(PROVIDED ENTRIES Opens)

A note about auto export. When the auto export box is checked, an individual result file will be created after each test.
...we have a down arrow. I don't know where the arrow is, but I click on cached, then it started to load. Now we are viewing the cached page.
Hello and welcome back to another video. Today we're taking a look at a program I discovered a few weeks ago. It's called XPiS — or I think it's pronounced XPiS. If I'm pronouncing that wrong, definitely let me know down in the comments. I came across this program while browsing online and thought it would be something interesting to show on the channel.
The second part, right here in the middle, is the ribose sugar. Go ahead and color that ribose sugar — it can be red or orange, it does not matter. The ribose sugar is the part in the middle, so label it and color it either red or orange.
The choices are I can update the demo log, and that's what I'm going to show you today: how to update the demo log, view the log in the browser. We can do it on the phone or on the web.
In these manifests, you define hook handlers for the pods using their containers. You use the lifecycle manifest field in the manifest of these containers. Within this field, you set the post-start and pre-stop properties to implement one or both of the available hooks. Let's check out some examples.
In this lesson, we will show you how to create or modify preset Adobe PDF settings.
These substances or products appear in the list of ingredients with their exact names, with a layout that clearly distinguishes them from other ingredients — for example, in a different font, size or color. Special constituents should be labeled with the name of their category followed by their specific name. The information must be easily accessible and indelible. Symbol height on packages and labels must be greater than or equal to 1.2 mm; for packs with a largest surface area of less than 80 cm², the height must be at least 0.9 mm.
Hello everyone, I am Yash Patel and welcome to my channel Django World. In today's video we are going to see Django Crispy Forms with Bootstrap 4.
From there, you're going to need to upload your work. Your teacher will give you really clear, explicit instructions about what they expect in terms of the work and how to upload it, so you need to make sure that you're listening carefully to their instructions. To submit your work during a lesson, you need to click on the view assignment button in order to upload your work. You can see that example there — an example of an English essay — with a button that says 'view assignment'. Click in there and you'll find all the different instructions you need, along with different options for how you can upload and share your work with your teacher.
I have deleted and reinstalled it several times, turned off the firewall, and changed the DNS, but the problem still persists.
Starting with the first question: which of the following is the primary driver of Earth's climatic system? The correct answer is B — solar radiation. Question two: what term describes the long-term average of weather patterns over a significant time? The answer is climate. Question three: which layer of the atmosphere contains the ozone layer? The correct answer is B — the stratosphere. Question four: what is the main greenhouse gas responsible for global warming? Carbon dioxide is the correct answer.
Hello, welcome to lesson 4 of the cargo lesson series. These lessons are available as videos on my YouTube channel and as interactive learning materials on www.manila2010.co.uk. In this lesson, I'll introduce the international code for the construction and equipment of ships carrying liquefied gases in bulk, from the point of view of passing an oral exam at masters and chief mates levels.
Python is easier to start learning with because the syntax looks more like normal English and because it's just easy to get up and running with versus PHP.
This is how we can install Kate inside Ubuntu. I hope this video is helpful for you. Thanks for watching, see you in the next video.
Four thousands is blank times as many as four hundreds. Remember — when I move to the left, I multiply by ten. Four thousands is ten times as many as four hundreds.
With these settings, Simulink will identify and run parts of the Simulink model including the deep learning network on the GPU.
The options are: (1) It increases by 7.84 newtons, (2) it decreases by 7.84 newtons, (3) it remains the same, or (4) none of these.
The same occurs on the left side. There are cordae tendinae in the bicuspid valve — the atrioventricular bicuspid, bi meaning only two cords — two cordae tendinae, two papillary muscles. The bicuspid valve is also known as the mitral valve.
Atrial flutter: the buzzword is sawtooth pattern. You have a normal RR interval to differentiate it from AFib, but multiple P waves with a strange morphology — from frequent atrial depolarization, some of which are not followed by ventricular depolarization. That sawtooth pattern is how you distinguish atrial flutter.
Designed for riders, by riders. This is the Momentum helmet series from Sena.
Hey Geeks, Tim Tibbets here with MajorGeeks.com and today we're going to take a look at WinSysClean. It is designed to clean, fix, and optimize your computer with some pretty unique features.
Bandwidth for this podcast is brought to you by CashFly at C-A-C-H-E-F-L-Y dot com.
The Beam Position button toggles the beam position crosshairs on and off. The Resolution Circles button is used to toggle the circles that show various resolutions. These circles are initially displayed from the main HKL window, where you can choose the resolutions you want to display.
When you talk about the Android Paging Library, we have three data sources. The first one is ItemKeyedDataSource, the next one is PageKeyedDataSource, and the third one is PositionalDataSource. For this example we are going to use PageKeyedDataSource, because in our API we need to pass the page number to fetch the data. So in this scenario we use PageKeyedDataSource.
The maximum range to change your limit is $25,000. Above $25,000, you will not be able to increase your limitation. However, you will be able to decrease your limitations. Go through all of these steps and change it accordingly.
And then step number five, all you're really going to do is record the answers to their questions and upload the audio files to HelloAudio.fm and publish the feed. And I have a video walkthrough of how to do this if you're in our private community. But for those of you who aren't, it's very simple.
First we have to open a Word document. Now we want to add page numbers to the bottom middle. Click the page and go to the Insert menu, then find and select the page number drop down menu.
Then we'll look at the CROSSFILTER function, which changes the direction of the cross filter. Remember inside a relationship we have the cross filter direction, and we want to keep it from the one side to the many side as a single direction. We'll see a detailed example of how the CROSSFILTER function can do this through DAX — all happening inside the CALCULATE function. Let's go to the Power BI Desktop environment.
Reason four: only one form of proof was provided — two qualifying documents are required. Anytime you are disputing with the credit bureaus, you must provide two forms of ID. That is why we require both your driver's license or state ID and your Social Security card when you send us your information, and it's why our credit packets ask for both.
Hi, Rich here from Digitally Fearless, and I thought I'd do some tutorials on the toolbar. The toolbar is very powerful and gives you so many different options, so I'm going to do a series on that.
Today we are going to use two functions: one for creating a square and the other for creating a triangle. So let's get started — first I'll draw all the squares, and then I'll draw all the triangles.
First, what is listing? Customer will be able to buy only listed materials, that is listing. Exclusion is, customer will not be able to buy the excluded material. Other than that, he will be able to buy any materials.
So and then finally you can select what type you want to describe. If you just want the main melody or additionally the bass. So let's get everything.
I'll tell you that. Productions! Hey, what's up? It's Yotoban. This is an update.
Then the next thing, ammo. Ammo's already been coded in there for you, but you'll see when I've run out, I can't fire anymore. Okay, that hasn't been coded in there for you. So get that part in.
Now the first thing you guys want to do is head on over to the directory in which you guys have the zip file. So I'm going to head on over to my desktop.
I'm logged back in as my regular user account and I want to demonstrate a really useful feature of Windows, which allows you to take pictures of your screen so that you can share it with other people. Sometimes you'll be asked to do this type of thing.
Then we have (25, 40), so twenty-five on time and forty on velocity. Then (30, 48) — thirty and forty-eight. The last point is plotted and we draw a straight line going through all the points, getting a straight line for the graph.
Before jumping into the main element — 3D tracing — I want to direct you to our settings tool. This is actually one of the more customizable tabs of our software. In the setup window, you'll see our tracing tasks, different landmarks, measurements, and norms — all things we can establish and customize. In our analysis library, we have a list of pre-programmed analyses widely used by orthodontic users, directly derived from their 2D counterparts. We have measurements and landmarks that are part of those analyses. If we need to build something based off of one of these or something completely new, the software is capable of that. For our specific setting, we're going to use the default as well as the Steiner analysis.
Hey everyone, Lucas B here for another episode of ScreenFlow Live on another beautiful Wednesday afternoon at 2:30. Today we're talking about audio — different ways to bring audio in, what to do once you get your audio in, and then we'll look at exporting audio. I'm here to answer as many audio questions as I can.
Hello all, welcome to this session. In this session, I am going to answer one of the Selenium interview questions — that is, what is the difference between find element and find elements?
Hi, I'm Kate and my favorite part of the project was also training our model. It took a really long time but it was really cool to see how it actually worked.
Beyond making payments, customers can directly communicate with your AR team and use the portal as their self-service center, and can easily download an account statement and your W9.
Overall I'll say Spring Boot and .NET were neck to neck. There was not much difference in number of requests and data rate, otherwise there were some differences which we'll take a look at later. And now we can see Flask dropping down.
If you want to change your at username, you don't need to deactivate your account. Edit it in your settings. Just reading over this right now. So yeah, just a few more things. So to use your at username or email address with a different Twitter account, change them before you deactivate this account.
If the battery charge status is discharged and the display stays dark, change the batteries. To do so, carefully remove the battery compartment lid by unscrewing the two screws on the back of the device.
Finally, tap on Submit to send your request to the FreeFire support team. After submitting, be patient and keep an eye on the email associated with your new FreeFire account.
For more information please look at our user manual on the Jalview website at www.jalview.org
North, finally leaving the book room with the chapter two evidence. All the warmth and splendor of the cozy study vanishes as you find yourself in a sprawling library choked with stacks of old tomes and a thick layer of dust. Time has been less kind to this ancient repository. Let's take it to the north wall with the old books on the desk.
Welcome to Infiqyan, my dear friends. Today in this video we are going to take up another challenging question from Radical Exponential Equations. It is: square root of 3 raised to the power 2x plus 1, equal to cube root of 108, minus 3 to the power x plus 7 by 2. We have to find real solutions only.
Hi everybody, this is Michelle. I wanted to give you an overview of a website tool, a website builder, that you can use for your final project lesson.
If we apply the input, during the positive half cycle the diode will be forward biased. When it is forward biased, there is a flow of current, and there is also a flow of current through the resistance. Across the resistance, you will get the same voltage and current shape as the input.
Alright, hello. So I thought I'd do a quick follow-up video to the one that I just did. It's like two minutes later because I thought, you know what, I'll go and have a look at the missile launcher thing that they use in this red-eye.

(PROVIDED ENTRIES Closes)

TRY IT: Where in the records does the string "team" appear? Copy every line that has it.

EXERCISE SOLUTION:
Beyond making payments, customers can directly communicate with your AR team and use the portal as their self-service center, and can easily download an account statement and your W9.
Finally, tap on Submit to send your request to the FreeFire support team. After submitting, be patient and keep an eye on the email associated with your new FreeFire account.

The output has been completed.